KPI juga merencanakan pembangunan fasilitas produksi avtur berkelanjutan berbahan baku minyak jelantah di Kilang Cilacap, yang diharapkan beroperasi pada 2026. Proyek berikutnya akan dibangun di Kilang Plaju dan Sungai Gerong, Sumatra Selatan, ditargetkan beroperasi mulai 2027 dengan kapasitas produksi 20 ribu barel bahan bakar terbarukan (bensin, avtur, dan diesel) per hari.
Tiga Strategi Utama
- Memprioritaskan Bahan Baku Berkelanjutan
Fokus utama sebaiknya ditujukan pada pemanfaatan limbah seperti minyak jelantah, residu pertanian, sampah makanan, dan limbah kehutanan yang mampu meminimalkan konflik penggunaan lahan (food vs. fuel). Pengalihan bahan baku dari tanaman pangan (sawit, jagung, atau singkong) ke limbah akan membantu mengurangi emisi dari sektor limbah sekaligus menekan risiko kenaikan harga pangan. - Meningkatkan Kualitas dan Proporsi Campuran
Konsentrasi avtur berkelanjutan dalam Bioavtur J2.4 masih relatif rendah. Secara teknis, rasio pencampuran avtur terbarukan dapat diperluas hingga 50%. Pertamina RTI dapat menjalin kemitraan dengan penyedia teknologi global, misalnya Neste (Finlandia), LanzaJet (AS), atau Thyssenkrupp (Jerman), untuk mempercepat peningkatan rasio campuran.
Di sisi pengguna, kerja sama dengan produsen pesawat (Boeing, Airbus) dan mesin pesawat (General Electric, Rolls-Royce, Pratt & Whitney) perlu digalakkan guna memastikan keandalan dan keselamatan penerbangan. Hal ini juga menjadi langkah awal untuk mencapai penggunaan avtur berkelanjutan 100% di masa depan. - Menciptakan Iklim Investasi yang Kondusif
Pengembangan fasilitas produksi avtur berkelanjutan di berbagai wilayah menuntut pendanaan besar serta transfer teknologi. Pemerintah dapat menawarkan insentif pajak atau subsidi, sebagaimana dilakukan oleh Amerika Serikat yang memberikan tunjangan US$1,25–1,75 per galon avtur berkelanjutan.
Model kolaborasi dengan perusahaan teknologi SAF, seperti yang dilakukan Singapura dengan Neste, bisa diterapkan di Indonesia. Dengan demikian, Indonesia tidak hanya mendapatkan produk akhir, tetapi juga kesempatan transfer pengetahuan dan peningkatan kapasitas industri dalam negeri.
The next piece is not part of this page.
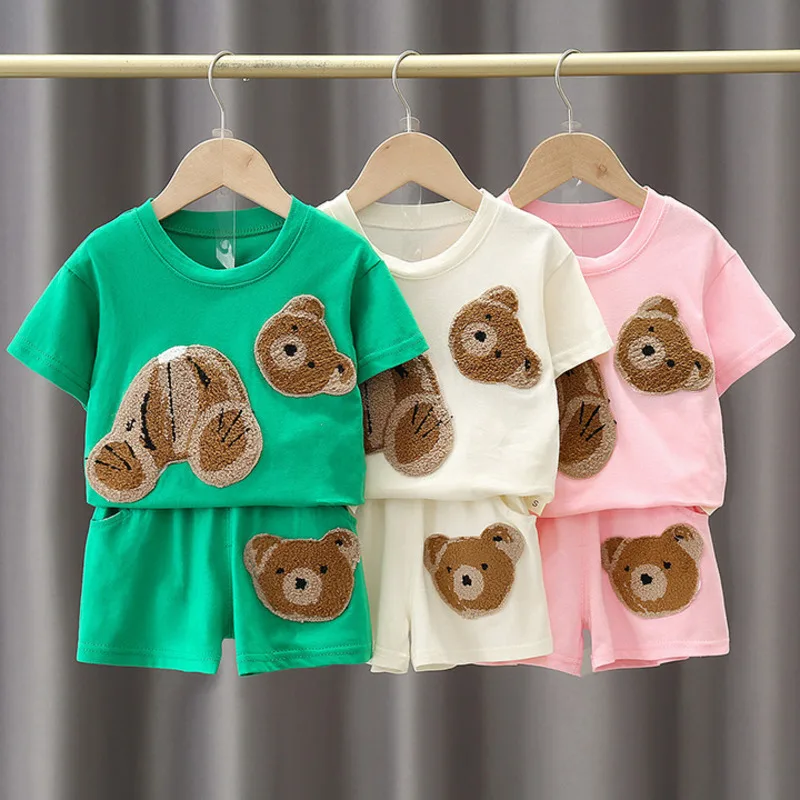 Conjunto de verano infantil con camiseta ilustrada y pants cortos - imagen 5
Dampak Ganda Bagi Indonesia
Selain menekan emisi penerbangan, pengembangan avtur berkelanjutan akan mendukung terciptanya ekonomi hijau baru, membuka lapangan kerja, dan mengurangi ketergantungan pada impor minyak mentah. Bagi sektor penerbangan itu sendiri, memanfaatkan SAF tidak memerlukan perubahan infrastruktur maupun desain pesawat secara besar-besaran, sehingga biaya transisi bisa ditekan.
Kombinasi dari tiga strategi di atas membawa Indonesia berpotensi menjadi produsen utama avtur berkelanjutan di Asia-Pasifik, seiring dengan pertumbuhan permintaan global. Jika dikelola dengan tepat dan mendapat dukungan kebijakan memadai, avtur berbasis limbah dan biomassa dapat menjadi solusi praktis untuk menurunkan emisi penerbangan sambil mempertahankan daya saing industri nasional.